As a year defined by global conflicts and social upheavals draws to a close, the holiday season provides another opportunity to reflect on the proclamation “peace on earth and goodwill to all.”
The Christmas truce of 1914 holds 3 important lessons for peacemaking in our world today.
1. Peace is always possible. Even in the darkest moments of conflict and bitterness; even in the hostile and dehumanizing trenches of warfare peace is always a possibility.
2. Peacemaking stands a better chance at the early stages of conflict. Nothing like the Christmas truce of 1914 ever happened again throughout the course of the First World War. As the war progressed, annihilation rather than fraternization came to characterize the conflict. The Christmas truce could only happen at the beginning of the war, before attitudes hardened on both sides of the conflict. As one historian notes, “This was before the poisoned gas, before aerial bombardment … By the end of 1915 both sides were far too bitter for this to happen again.”
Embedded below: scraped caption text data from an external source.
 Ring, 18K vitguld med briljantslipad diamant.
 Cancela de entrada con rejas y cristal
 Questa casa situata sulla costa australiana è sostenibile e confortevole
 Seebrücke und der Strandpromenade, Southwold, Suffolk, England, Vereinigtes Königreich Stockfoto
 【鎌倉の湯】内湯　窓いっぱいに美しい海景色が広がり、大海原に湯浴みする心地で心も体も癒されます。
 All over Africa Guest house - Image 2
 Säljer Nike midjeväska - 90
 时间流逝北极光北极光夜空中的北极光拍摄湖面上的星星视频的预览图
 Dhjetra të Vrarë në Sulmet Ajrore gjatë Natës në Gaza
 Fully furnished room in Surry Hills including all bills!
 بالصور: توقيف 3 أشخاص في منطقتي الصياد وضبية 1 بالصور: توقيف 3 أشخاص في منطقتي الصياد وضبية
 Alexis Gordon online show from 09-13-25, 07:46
3. Ordinary people can be effective peacemakers. Peace initiative need not always be top-down; they can come from the bottom-up. The Christmas truce of 1914 was a spontaneous initiative of weary solders in the trenches who desperately wanted a break from war. Had the generals, monarchs and politicians any say in it, the truce would never have happened. After all, soldiers are supposed to be fighters not peace makers. But peacemaking cannot be the sole prerogative of politicians, statesmen and diplomats in conflict situations. The stakes in war are simply too high.
Coalitions of ordinary citizens, even common solders in war trenches, can be the engines of peace-making. Unfortunately, the truce of 1914 was short-lived. But the key lesson for all of us is that the possibilities for peace are often closer than we think.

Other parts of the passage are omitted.